### What to work on
All that should come back is the lines of the data below from the one containing "Lee Cooper Bayo" to the one containing "Special offer trip Spetses armada13-15/9", inclusive, exactly as they stand.
•••
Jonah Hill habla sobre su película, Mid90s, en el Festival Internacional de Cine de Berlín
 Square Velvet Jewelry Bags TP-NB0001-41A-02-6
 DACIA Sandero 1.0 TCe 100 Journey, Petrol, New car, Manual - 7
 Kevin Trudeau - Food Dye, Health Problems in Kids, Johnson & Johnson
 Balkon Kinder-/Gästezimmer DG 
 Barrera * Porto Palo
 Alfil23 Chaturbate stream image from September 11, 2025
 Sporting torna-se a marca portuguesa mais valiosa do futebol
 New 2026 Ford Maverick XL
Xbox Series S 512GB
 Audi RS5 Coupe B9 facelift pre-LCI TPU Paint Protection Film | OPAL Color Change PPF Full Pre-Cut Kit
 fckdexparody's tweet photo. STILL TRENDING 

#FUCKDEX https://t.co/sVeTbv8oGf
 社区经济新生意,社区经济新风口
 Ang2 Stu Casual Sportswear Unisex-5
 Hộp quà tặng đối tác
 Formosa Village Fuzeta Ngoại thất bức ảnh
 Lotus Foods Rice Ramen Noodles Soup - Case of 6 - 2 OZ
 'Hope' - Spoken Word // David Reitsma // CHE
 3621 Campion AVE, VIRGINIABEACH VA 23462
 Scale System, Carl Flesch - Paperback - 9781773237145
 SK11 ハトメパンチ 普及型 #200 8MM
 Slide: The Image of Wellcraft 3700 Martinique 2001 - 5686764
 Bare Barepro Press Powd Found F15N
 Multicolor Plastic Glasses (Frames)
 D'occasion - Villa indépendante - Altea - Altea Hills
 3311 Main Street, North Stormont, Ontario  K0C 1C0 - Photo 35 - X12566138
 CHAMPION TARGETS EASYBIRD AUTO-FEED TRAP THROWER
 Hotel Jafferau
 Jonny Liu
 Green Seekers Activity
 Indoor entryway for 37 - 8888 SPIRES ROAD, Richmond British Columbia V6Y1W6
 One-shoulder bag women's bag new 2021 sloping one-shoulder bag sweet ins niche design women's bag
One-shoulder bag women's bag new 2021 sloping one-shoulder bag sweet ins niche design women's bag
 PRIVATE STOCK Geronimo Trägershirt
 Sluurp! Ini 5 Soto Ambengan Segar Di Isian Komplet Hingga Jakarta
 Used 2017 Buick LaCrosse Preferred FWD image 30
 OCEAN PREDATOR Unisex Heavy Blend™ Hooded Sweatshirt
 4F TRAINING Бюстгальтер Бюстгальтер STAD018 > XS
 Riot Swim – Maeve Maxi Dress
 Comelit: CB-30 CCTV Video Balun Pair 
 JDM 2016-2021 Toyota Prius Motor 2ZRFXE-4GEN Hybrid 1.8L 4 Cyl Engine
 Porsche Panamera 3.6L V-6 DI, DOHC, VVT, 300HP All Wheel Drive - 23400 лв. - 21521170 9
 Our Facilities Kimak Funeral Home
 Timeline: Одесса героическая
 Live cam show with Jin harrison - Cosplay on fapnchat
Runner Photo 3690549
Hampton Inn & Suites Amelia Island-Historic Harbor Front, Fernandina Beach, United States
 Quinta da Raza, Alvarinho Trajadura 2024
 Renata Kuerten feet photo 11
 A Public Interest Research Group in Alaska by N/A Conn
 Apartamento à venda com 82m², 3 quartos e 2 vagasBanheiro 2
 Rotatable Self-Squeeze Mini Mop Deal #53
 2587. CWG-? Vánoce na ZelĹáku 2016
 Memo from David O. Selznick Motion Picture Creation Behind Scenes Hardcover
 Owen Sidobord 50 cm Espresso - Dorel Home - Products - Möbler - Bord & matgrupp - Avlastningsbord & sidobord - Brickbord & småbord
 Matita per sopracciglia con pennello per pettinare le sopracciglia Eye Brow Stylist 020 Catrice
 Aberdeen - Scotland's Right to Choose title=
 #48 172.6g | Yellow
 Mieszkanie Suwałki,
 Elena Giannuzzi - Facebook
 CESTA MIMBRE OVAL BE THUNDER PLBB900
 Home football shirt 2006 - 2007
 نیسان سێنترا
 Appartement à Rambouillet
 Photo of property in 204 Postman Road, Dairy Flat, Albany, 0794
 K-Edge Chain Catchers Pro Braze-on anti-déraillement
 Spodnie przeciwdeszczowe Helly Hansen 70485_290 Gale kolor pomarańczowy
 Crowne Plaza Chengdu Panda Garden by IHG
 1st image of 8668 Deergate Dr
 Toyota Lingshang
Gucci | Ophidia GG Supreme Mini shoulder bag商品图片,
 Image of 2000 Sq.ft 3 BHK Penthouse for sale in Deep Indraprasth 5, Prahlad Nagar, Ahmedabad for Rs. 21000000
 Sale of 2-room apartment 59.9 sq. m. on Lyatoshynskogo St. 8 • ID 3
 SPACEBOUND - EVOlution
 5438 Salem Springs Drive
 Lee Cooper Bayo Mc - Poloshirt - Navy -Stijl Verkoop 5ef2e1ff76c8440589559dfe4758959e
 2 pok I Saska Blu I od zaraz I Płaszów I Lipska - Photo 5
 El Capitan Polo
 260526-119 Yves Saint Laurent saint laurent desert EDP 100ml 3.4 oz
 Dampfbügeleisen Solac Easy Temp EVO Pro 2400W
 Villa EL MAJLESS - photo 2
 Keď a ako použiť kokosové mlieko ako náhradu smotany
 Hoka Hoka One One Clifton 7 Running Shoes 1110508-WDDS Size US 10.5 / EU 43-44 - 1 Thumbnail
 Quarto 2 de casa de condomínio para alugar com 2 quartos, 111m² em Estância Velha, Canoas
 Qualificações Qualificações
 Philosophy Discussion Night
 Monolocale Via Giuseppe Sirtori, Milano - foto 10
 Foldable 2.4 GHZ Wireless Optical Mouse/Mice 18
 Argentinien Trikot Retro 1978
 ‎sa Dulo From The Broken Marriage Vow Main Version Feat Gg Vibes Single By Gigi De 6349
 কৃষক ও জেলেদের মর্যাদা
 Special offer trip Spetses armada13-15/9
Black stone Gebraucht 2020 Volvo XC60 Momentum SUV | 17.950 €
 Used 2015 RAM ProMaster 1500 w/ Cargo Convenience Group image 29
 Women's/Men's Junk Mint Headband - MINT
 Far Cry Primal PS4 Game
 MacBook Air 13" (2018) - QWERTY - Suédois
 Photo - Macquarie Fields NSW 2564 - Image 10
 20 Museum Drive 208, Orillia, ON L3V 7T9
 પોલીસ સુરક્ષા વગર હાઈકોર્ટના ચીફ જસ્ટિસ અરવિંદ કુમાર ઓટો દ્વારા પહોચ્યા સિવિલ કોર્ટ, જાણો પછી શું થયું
•••
### Response below
 Lee Cooper Bayo Mc - Poloshirt - Navy -Stijl Verkoop 5ef2e1ff76c8440589559dfe4758959e
 2 pok I Saska Blu I od zaraz I Płaszów I Lipska - Photo 5
 El Capitan Polo
 260526-119 Yves Saint Laurent saint laurent desert EDP 100ml 3.4 oz
 Dampfbügeleisen Solac Easy Temp EVO Pro 2400W
 Villa EL MAJLESS - photo 2
 Keď a ako použiť kokosové mlieko ako náhradu smotany
 Hoka Hoka One One Clifton 7 Running Shoes 1110508-WDDS Size US 10.5 / EU 43-44 - 1 Thumbnail
 Quarto 2 de casa de condomínio para alugar com 2 quartos, 111m² em Estância Velha, Canoas
 Qualificações Qualificações
 Philosophy Discussion Night
 Monolocale Via Giuseppe Sirtori, Milano - foto 10
 Foldable 2.4 GHZ Wireless Optical Mouse/Mice 18
 Argentinien Trikot Retro 1978
 ‎sa Dulo From The Broken Marriage Vow Main Version Feat Gg Vibes Single By Gigi De 6349
 কৃষক ও জেলেদের মর্যাদা
 Special offer trip Spetses armada13-15/9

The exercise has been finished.